İnanç ve Güven Arasındaki Farklar

İnanç ve Güven

“İnanç” ve “güven” genellikle inancınızla ilişkilendirilen iki kelimedir. Bu iki terim arasında herhangi bir fark var mı? Belki birçoğunuz hiçbiri söyleyemez ve bazılarınız orada olduğunu söyler. İkincisini destekleyeceğim. “İnanç” ve “güven” görünüşte eşanlamlı şeyler olmasına rağmen, değişen kullanım ve anlam derecelerine sahiptirler. Hangi "aptal" ve "aptal" arasında en kötü olduğuna karar vermek gibi. Açıkçası, en kötü terim “aptal” dır. Fakat inanç söz konusu olduğunda aralarında daha büyük bir anlamı olan “inanç” ve “güven” arasında? Bu makalede bulalım ve inancınızı ve güveninizi gösteren bazı örnekler verelim.

Size Google'ın "inanç" ve "güven" tanımlarını sunayım. “İnanç” şu anlama gelen bir isimdir: (a) bir ifadenin doğru olduğunu veya bir şeyin var olduğunu kabul etmek veya (b) kişinin gerçek veya gerçek olarak kabul ettiği bir şey; sıkıca tutulan bir görüş ya da mahkumiyet. Öte yandan, “güven” bir isim ya da fiil olabilir. Bir isim olarak “güven”, “birinin veya bir şeyin güvenilirliğine, gerçeğine, yeteneğine veya gücüne sağlam bir inanç” anlamına gelir.
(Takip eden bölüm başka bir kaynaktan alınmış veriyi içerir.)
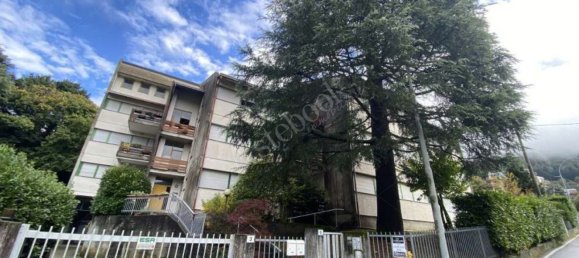 2 rooms Apartment in Margno, Italy No. 3697 2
Yukarıdaki tanımlara bakacağımızdan, “inanç” ve “güven” hakkında çok farklı bir şey yoktur. Ancak, kişi felsefi düşünürse, “güven” in “inanç” tan daha büyük bir anlamı olduğunu söyleyebiliriz. Tıpkı diğer insanların söylediği gibi, inancınız sadece dudak hizmeti olabilir. Birisine ona inandığınızı kolayca söyleyebilirsiniz, ancak ona güvendiğinizi söylemeniz gerektiğinde, daha derin bir düşünmeye ihtiyacı vardır. “İnanç” aklın ürünüdür, “güven” hem aklın hem de kalbin ürünüdür.

İnandığınız zaman, sanki bir şeyler kazanmayı beklediğiniz gibi; ama eğer güveniyorsanız, sonuç ne olursa olsun, hepinizi teslim oluyorsunuz - iyi ya da kötü. Ancak inanmadan güven aşamasına ulaşamazsınız. İnanç zaten güvenmenin yarısıdır. Sadece eylemde yapmanız gerekir. Eğer inanmaktan vazgeçmez ve inançlarınızı sağlam tutarsanız, güven kapısı sizden hemen önce açılır.

Korkunç durumlara olan inancımızı ve güvenimizi gösterebiliriz. Örneğin, sürdüğünüz uçak yakında yere düşecek. Kendinizi ölmekten kurtarmak için bir yolunuz var - ve bu da paraşütünüzü atlayıp serbest bırakmak. Tüm yaşamınız boyunca, bu tür bir durumla karşılaşıldığında bir paraşütün birinin hayatını kurtarabileceğine inandınız. Bir paraşütün sizi güvenli bir şekilde inebileceğine inandınız. Bir paraşütün inişinizin etkisini azaltabileceğini ve vücudunuzu ezmenizi önleyebileceğine inandınız. Buna her zaman inandınız, ama zıplamaktan korkuyorsunuz. Bu özel örnekte, güven gösterimi yoktur.

Hayatınızı kurtarabilecek ekipmanlara olan güveninizi sergilemeniz için, devam etmeli ve atlamalı ve serbest bırakmalısınız. Fakat orada ayakta ve korkmuş olarak kalırsanız, inancınız güven aşamasına ulaşacak kadar büyük değildir. “İnanç” ve “güven” arasındaki farkları görüyor musunuz? İnanmak için gereken tek şey söylemek; ama güvenmek için gereken tek şey bunu yapmak.

Özet:

  1. “İnanç” şu anlama gelir: (a) bir ifadenin doğru olduğunu veya bir şeyin var olduğunu kabul etmek veya (b) kişinin doğru veya gerçek olarak kabul ettiği bir şey; sıkıca tutulan bir görüş veya mahkumiyet.

  2. “Güven”, “birinin veya bir şeyin güvenilirliğine, gerçeğine, yeteneğine veya gücüne sağlam bir inanç” anlamına gelir.

  3. “İnanç” aklın ürünüdür, “güven” hem aklın hem de kalbin ürünüdür.

  4. İnandığınız zaman, sanki bir şeyler kazanmayı beklediğiniz gibi; ama güveniyorsanız, sonuç ne olursa olsun kendinize teslim oluyorsunuz - daha iyi veya daha kötü için.